Nous ne nous connaissions que par emails, mais nous avions un désir commun, trouver et faire connaitre des modèles de femmes qui inspirent notre pratique. C’est l’ouvrage sur Tenzin Palmo, « un ermitage dans la neige » qui a été le déclencheur. Nous voulions faire connaitre cette femme qui a passé douze ans dans un ermitage à quatre mille mètres d’altitude et aussi nous retrouvions dans son témoignage les barrières « invisibles » dressées contre la pratique des femmes.

Après quelques tentatives de blogs, l’idée d’un magazine sur internet a mûri et nous nous sommes lancées dans l’aventure. Un noyau s’est peu à peu constitué, toujours par Internet, sans d’autres liens que notre intérêt commun et sans préoccupations géographiques. L’une de nos traductrices habite la Finlande, d’autres amies sont au Canada, en Belgique ou dans diverses régions de France.

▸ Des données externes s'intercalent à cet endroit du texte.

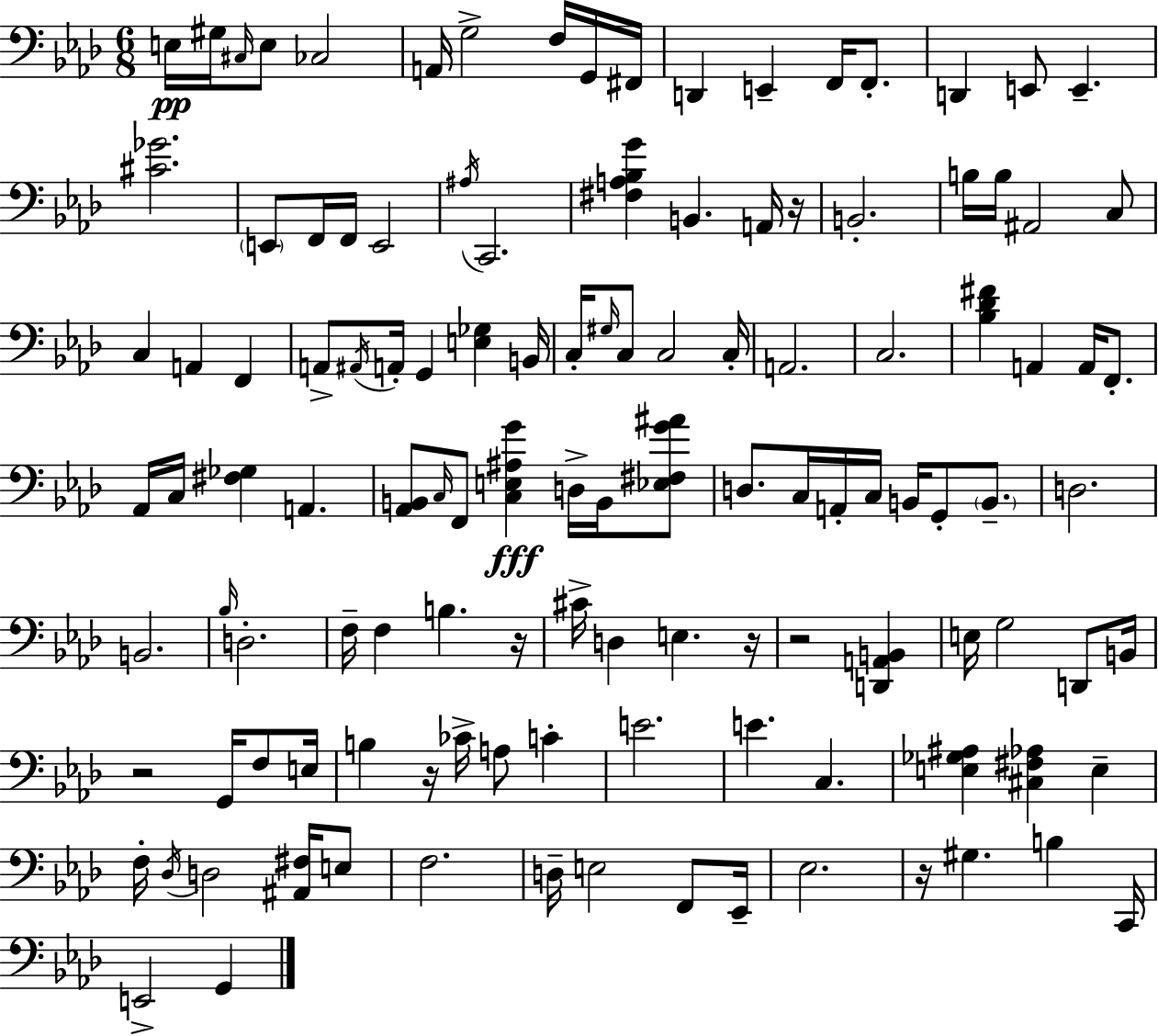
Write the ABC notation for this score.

X:1
T:Untitled
M:6/8
L:1/4
K:Ab
E,/4 ^G,/4 ^C,/4 E,/2 _C,2 A,,/4 G,2 F,/4 G,,/4 ^F,,/4 D,, E,, F,,/4 F,,/2 D,, E,,/2 E,, [^C_G]2 E,,/2 F,,/4 F,,/4 E,,2 ^A,/4 C,,2 [^F,A,_B,G] B,, A,,/4 z/4 B,,2 B,/4 B,/4 ^A,,2 C,/2 C, A,, F,, A,,/2 ^A,,/4 A,,/4 G,, [E,_G,] B,,/4 C,/4 ^G,/4 C,/2 C,2 C,/4 A,,2 C,2 [_B,_D^F] A,, A,,/4 F,,/2 _A,,/4 C,/4 [^F,_G,] A,, [_A,,B,,]/2 C,/4 F,,/2 [C,E,^A,G] D,/4 B,,/4 [_E,^F,G^A]/2 D,/2 C,/4 A,,/4 C,/4 B,,/4 G,,/2 B,,/2 D,2 B,,2 _B,/4 D,2 F,/4 F, B, z/4 ^C/4 D, E, z/4 z2 [D,,A,,B,,] E,/4 G,2 D,,/2 B,,/4 z2 G,,/4 F,/2 E,/4 B, z/4 _C/4 A,/2 C E2 E C, [E,_G,^A,] [^C,^F,_A,] E, F,/4 _D,/4 D,2 [^A,,^F,]/4 E,/2 F,2 D,/4 E,2 F,,/2 _E,,/4 _E,2 z/4 ^G, B, C,,/4 E,,2 G,,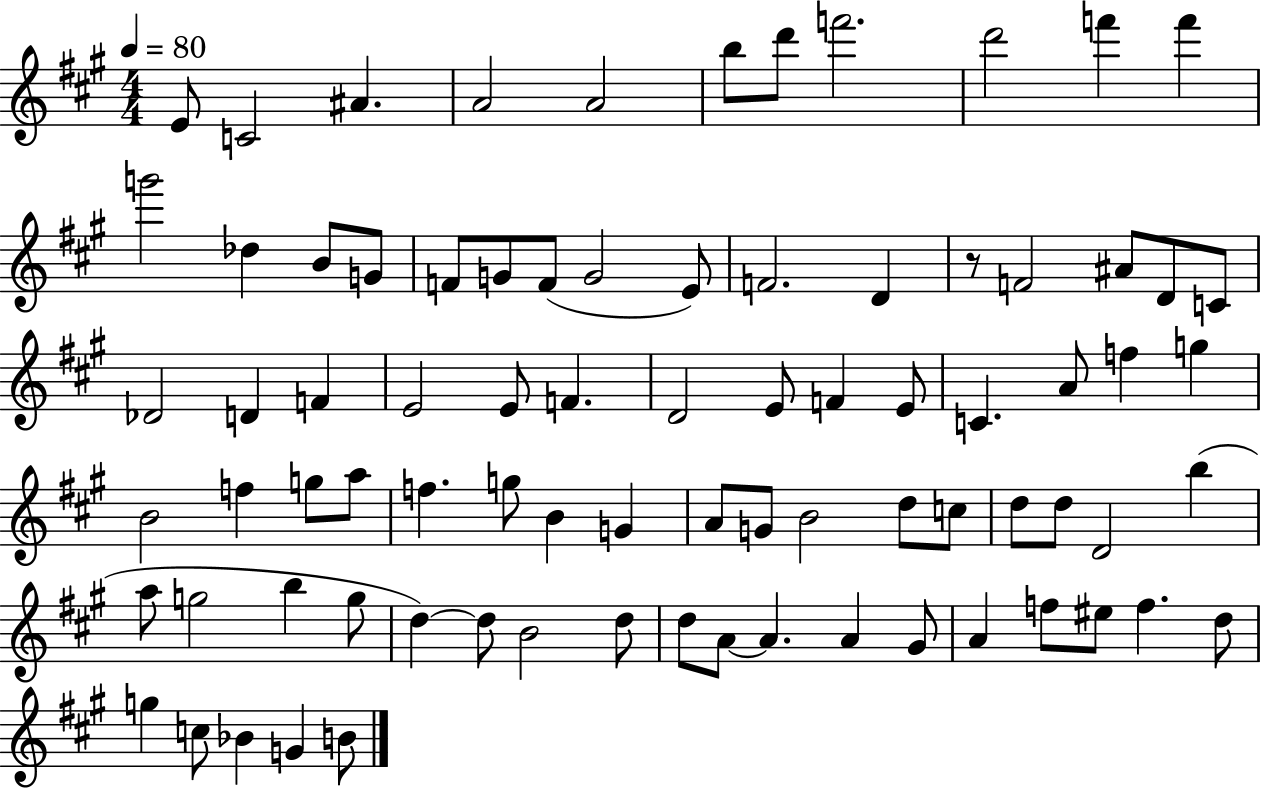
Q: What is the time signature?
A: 4/4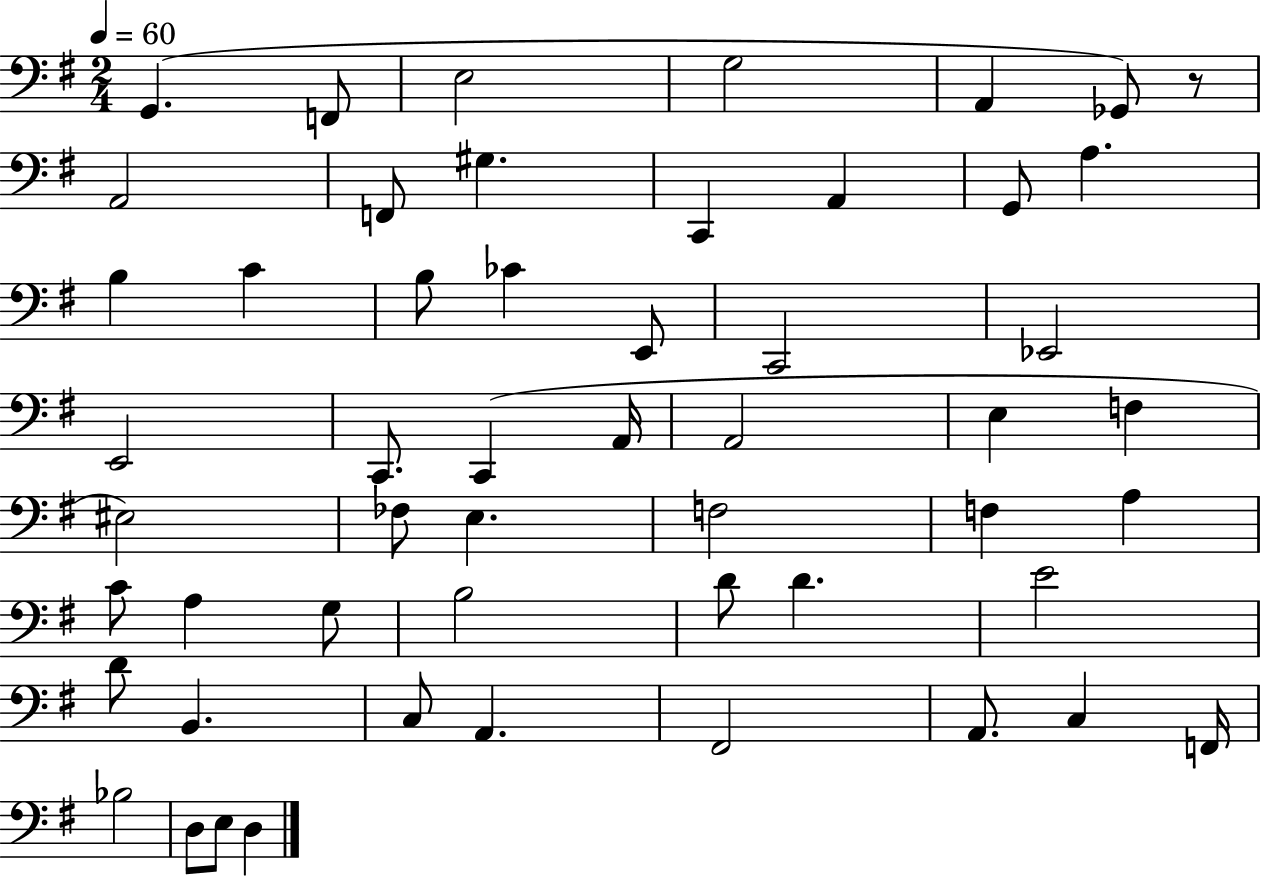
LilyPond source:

{
  \clef bass
  \numericTimeSignature
  \time 2/4
  \key g \major
  \tempo 4 = 60
  g,4.( f,8 | e2 | g2 | a,4 ges,8) r8 | \break a,2 | f,8 gis4. | c,4 a,4 | g,8 a4. | \break b4 c'4 | b8 ces'4 e,8 | c,2 | ees,2 | \break e,2 | c,8. c,4( a,16 | a,2 | e4 f4 | \break eis2) | fes8 e4. | f2 | f4 a4 | \break c'8 a4 g8 | b2 | d'8 d'4. | e'2 | \break d'8 b,4. | c8 a,4. | fis,2 | a,8. c4 f,16 | \break bes2 | d8 e8 d4 | \bar "|."
}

Tous les sujets qui touchent aux femmes et au bouddhisme sont les bienvenus. Les lectrices (et les lecteurs) peuvent proposer des articles, une contribution, un lien, un site, un livre, un film, etc.
Au fil des numéros, certaines participent brièvement, d’autres se sont en quelque sorte « spécialisées » dans une rubrique. Nous trouvons souvent du matériel auprès des femmes bouddhistes américaines qui publient et prennent la parole plus que les Françaises. D’ailleurs, notre page Facebook a été lancée par une amie de Suisse romande qui vit aux États Unis.

Nos objectifs ?

Nous vivons dans un monde de tradition chrétienne. Certes, la religion chrétienne est loin d’être exempte de discrimination, mais il y a une grande tradition de figures mariales, de saintes élevées au rang de « docteurs » de l’Église telles Térèse d’Avila, Thérèse de Liseux, des textes et des témoignages d’expériences spirituelles de femmes.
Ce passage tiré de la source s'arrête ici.